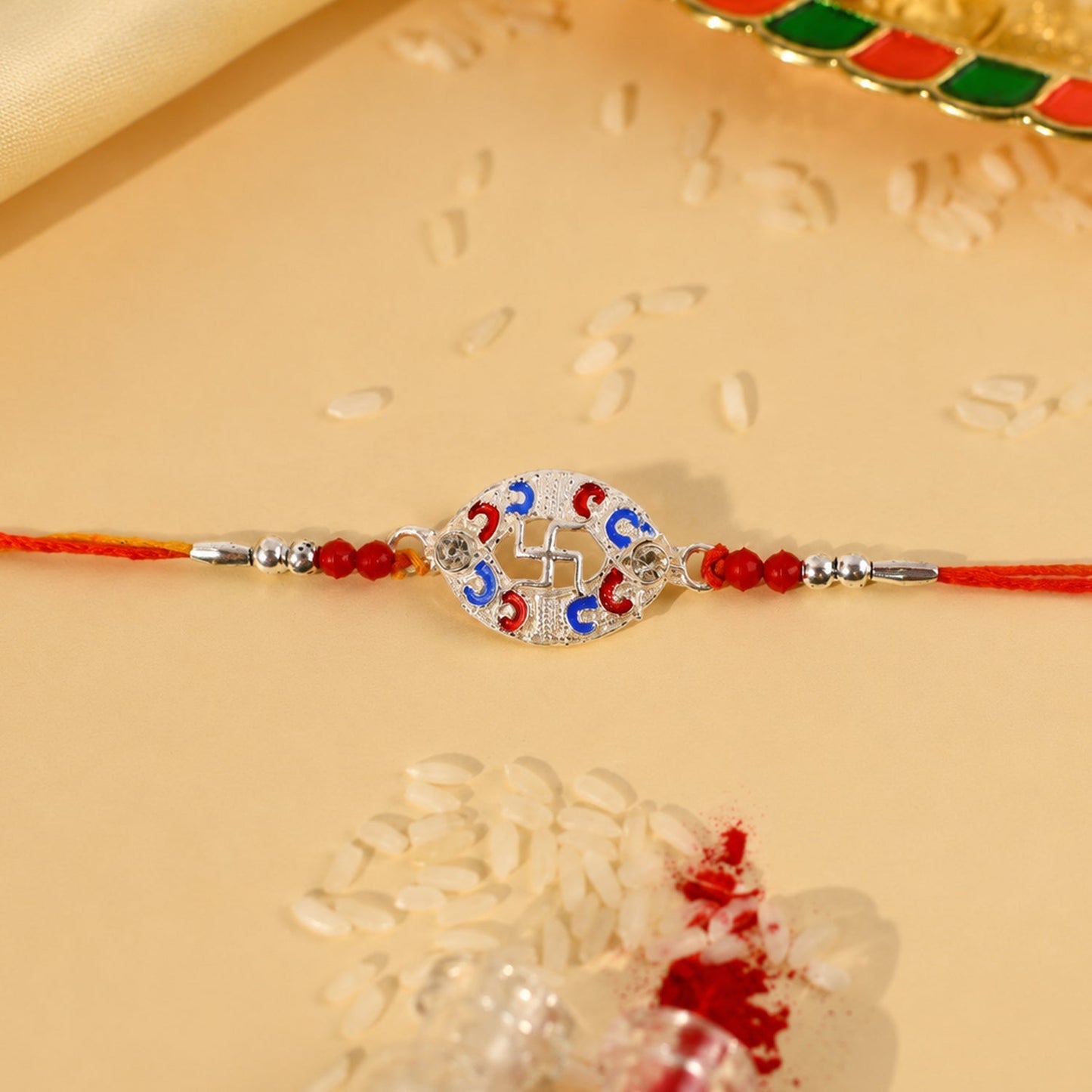 Close-up of Silver Swastik Meena Oval Charm Rakhi beads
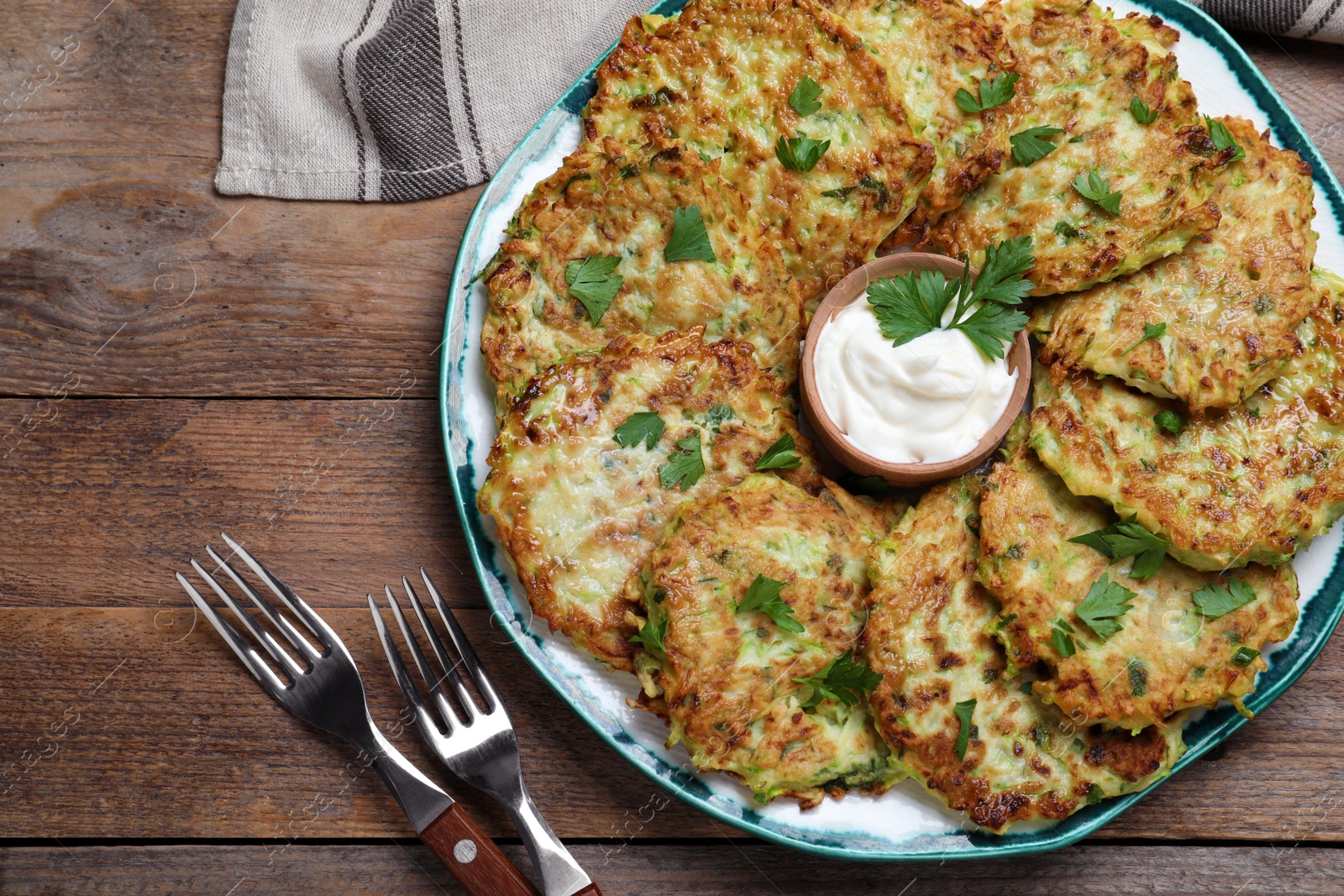 Photo of Delicious zucchini fritters with sour cream served  on wooden table, flat lay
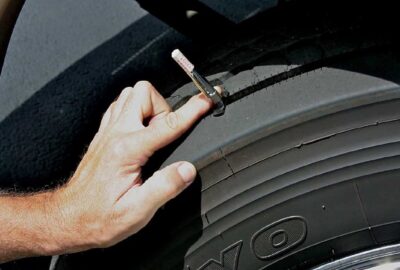 Hand using a tread depth gauge to measure the wear on a car tire.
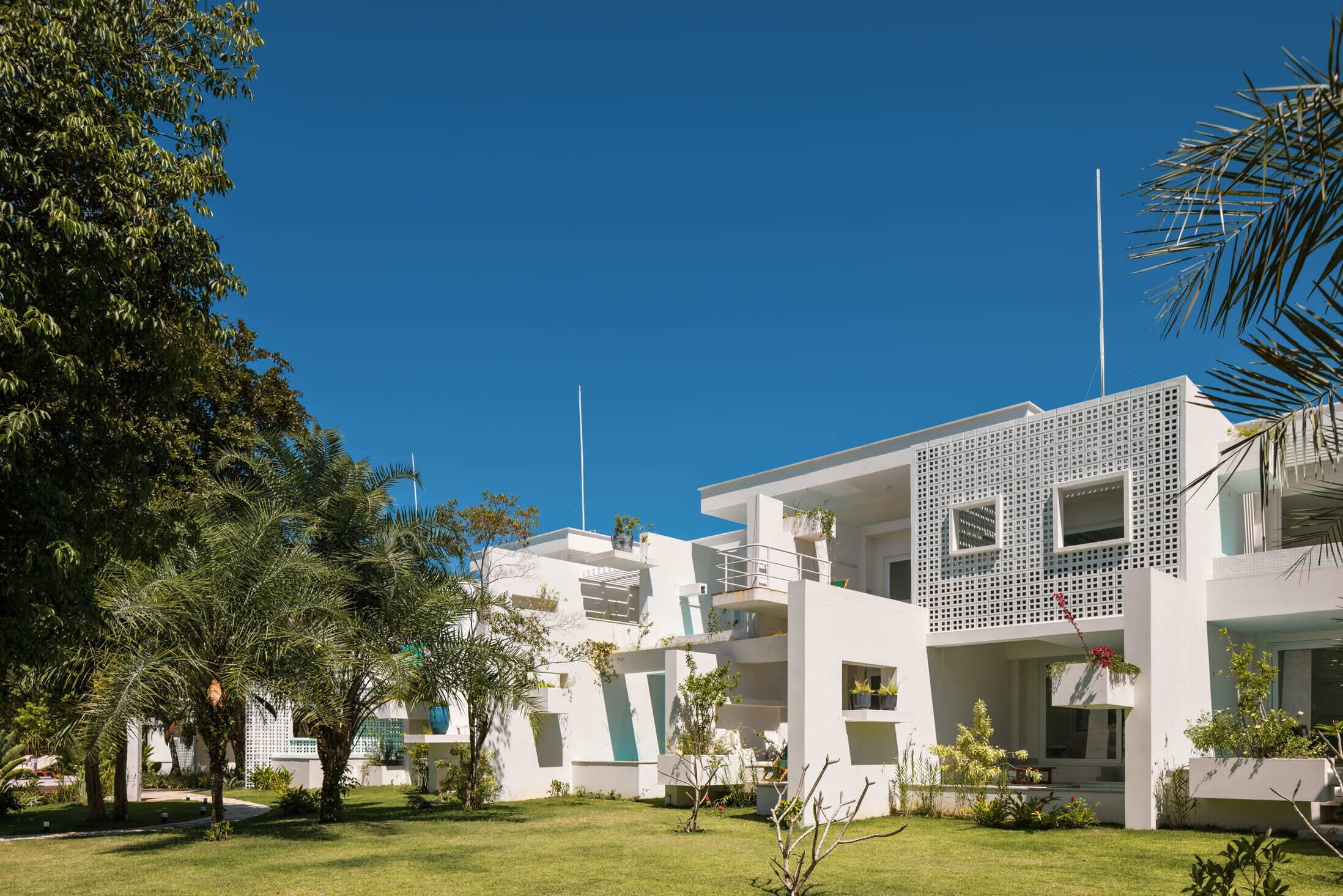 Un edificio moderno con varios balcones, rodeado de vegetación cuidada y un cielo azul despejado.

===============

§ Task brief:
Each line above should be output exactly, apart from the pictures.

§ Answer:
 Close-up of Silver Swastik Meena Oval Charm Rakhi beads
 Photo of Delicious zucchini fritters with sour cream served  on wooden table, flat lay
 Hand using a tread depth gauge to measure the wear on a car tire.
 Un edificio moderno con varios balcones, rodeado de vegetación cuidada y un cielo azul despejado.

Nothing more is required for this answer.